In the end, working on a T32 helped me appreciate how graduate programs are judged by the NIH, the criteria that are used to measure success, and why graduate trainees are encouraged to stay in research. Which is good for a me to know as a grantwriter, even if I had no idea during graduate school.

On niches and boundaries

2012 will be my first year as a completely independent freelance biomedical writer and editor. My freelance business has been through the various stages of hobby to side work to part time job to full time job, and this will be the first year that it represents all of my income. No pressure, right? When I first decided to make the final leap to full-time freelance last summer, I was understandably anxious about income and whether I could make this work without leaving me and my family eating macaroni and cheese every night. So I took any biomedical writing/editing projects I could find, regardless of whether they were proofreading, editing, or writing; regardless of the client: academic, agency, or not-for-profit; and regardless of the topic. I soon came to appreciate two things: (1) I am not “built” for all projects and (2) my time is limited and therefore precious.

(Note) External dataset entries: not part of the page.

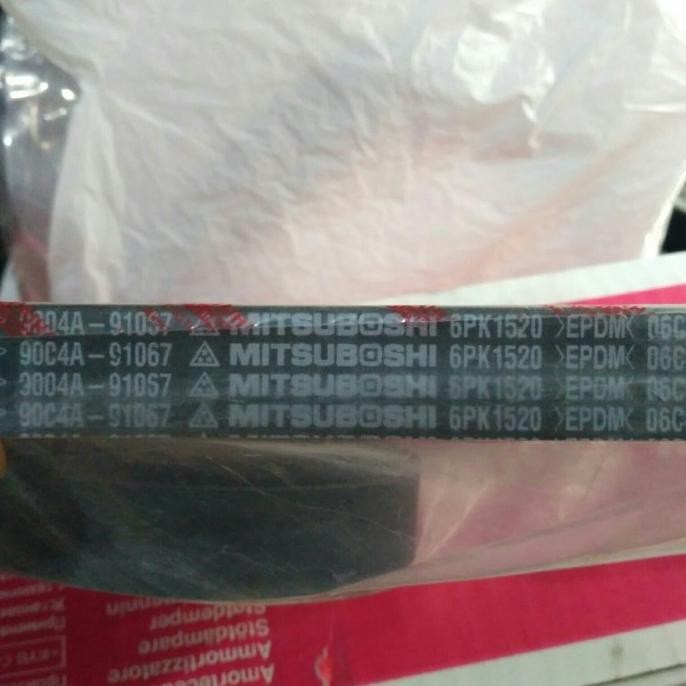 Tali Kipas Atau Fan Belt Grand Avanza / Great Xenia Dual Vvti Berkualitas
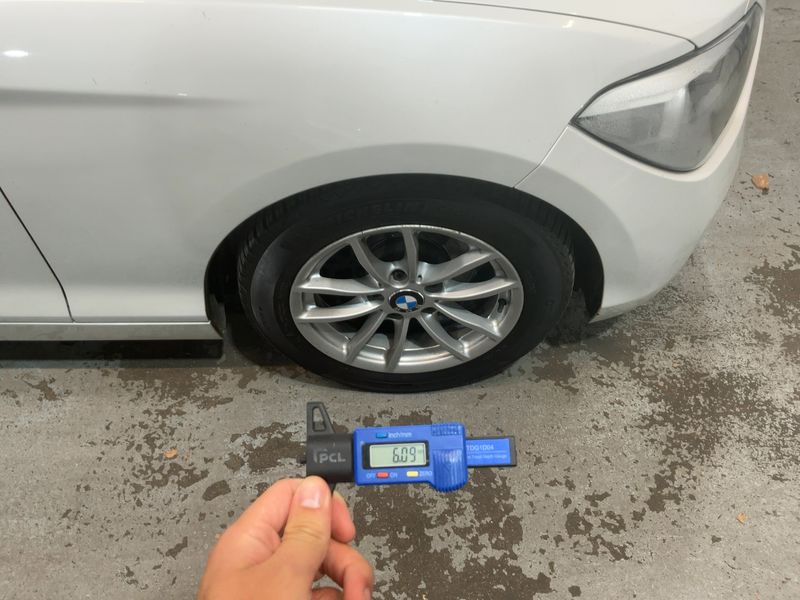 Входящ номер:	TX50126 Отчитане на километража.:	151 799 km снимка 12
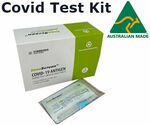 Innoscreen COVID-19 Rapid Antigen Test Kit, 20 Pack $285 Delivery @ Canberra Diamond Blade Suppliers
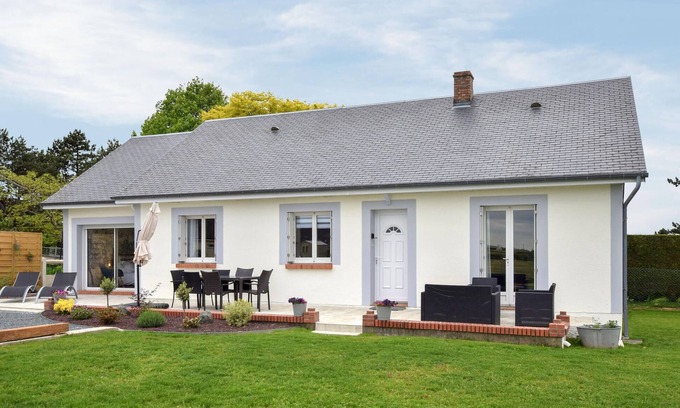 Beaurepaire Casa | Maison agréable près Etretat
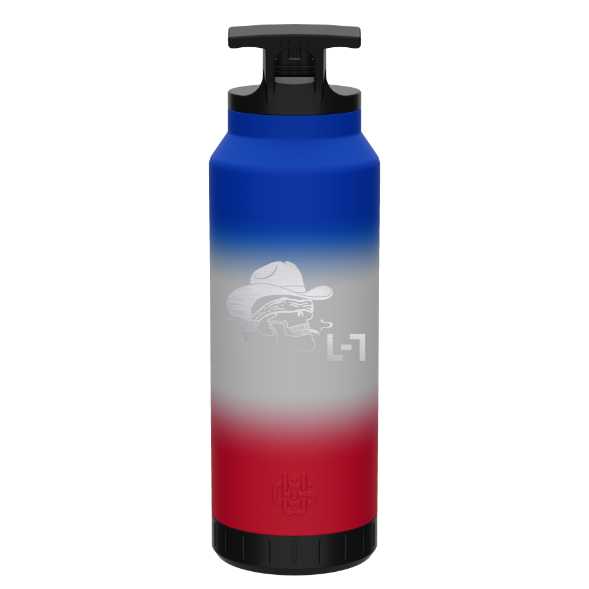 L-7 - Stainless Steel 44oz MAG Bottle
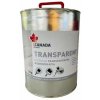 Canada rubber TRANSPARENT - transparentná hydroizolácia terás a balkónov 4kg Canada rubber TRANSPARENT - transparentná hydroizolácia terás a balkónov 4kg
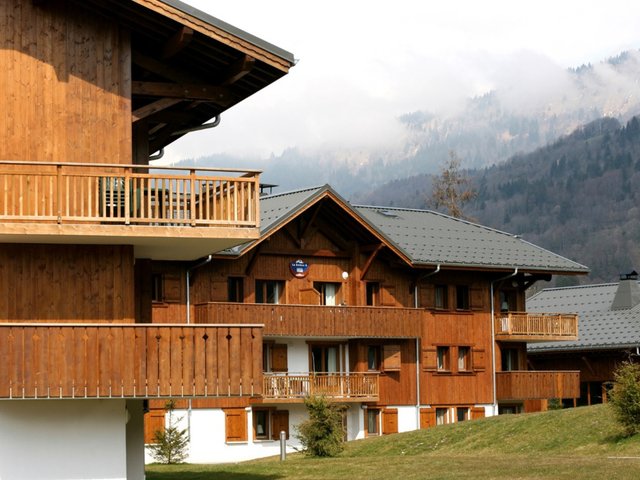 Résidence LES FERMES DE SAMOENS - Samoëns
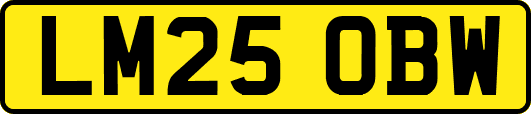 LM25OBW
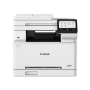 Canon i-SENSYS MF664Cdw A3+ Colour Laser Multifunction Printer image 1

What do I mean by being “built” for certain projects? I am one of many professional biomedical writers and editors. But my education, background, and experience make me unique. The question is, what kinds of projects, clients, and topics best suit me so that I am spending my freelance time in the best possible way? By taking any projects because I felt I had to in order to stay solvent, I was getting frustrated with the jobs I could do easily but that paid too little and also frustrated with jobs that were outside my comfort zone that made me struggle and feel I was wasting time. 

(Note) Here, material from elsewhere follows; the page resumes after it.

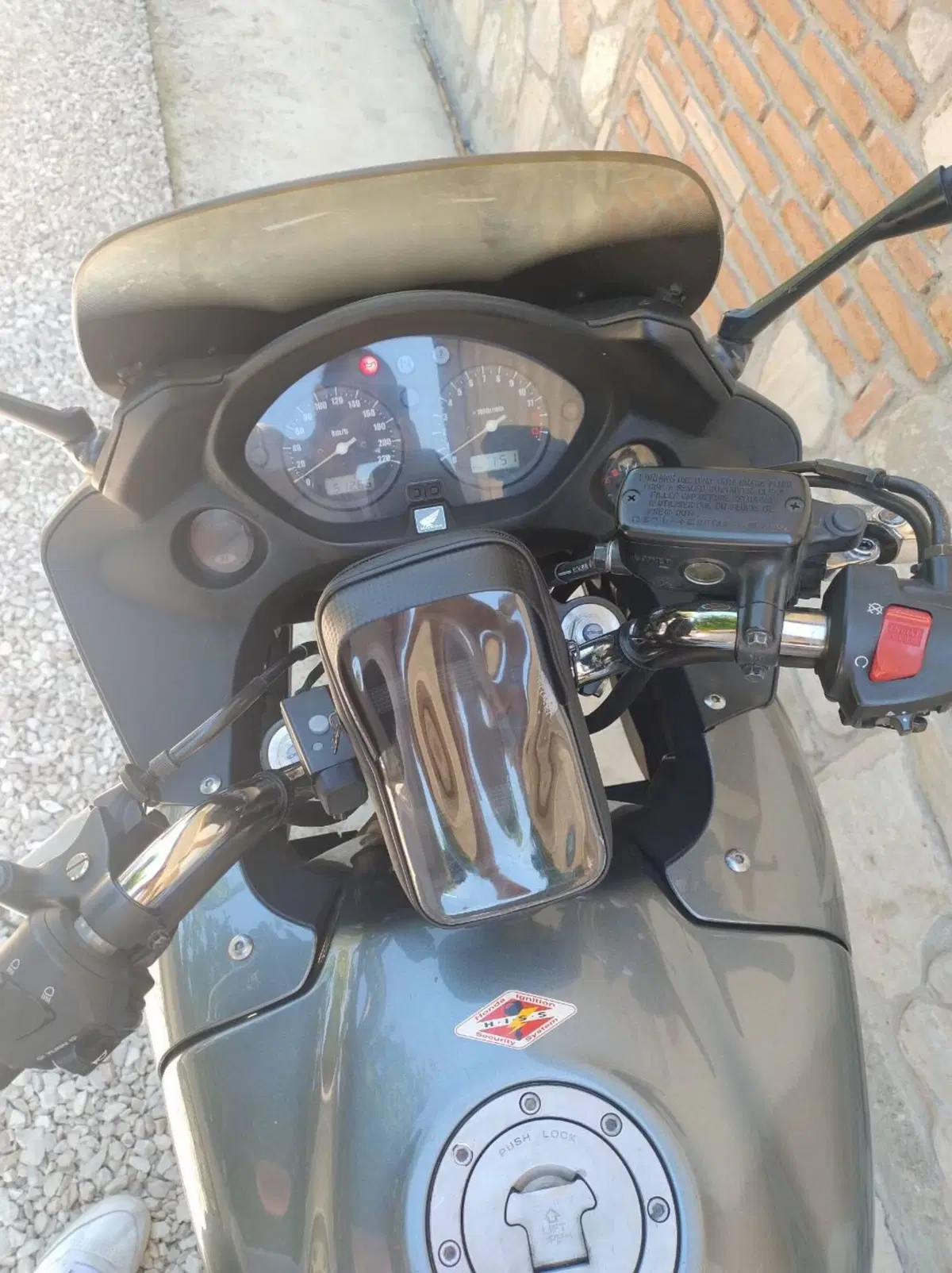 Honda CBF 600 S (2007 - 12) (3)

There are only so many hours I can work in a week, and so I needed to find those jobs I was best trained for in order to make the most of my time. I first had to admit that there were boundaries – a difficult thing to do because it felt like closing doors and because I never want to admit that I can’t do something. But it really wasn’t about saying I wasn’t able, it was more about saying that I have to choose the best projects that fit my particular skill set. I’m sure that I needed to go through that first anxious period of accepting every job, no matter how small or out of my niche, to learn this lesson.

The other important thing I came to realize is that while taking jobs that were outside my comfort zone could be personally frustrating, it is also not good business practice. Just like me, clients are looking for the best fit for their projects so they get their money’s worth. Accepting a job for which I am not a good fit may not lead to the best outcomes – for me or the client. It is far better to learn as much information about the project up front, evaluate the project through the lens of my ability and training and schedule, and then turn it down if the project just doesn’t fit. Better that than struggling and getting frustrated and, perhaps worst of all, running the risk of letting down the client and damaging my reputation.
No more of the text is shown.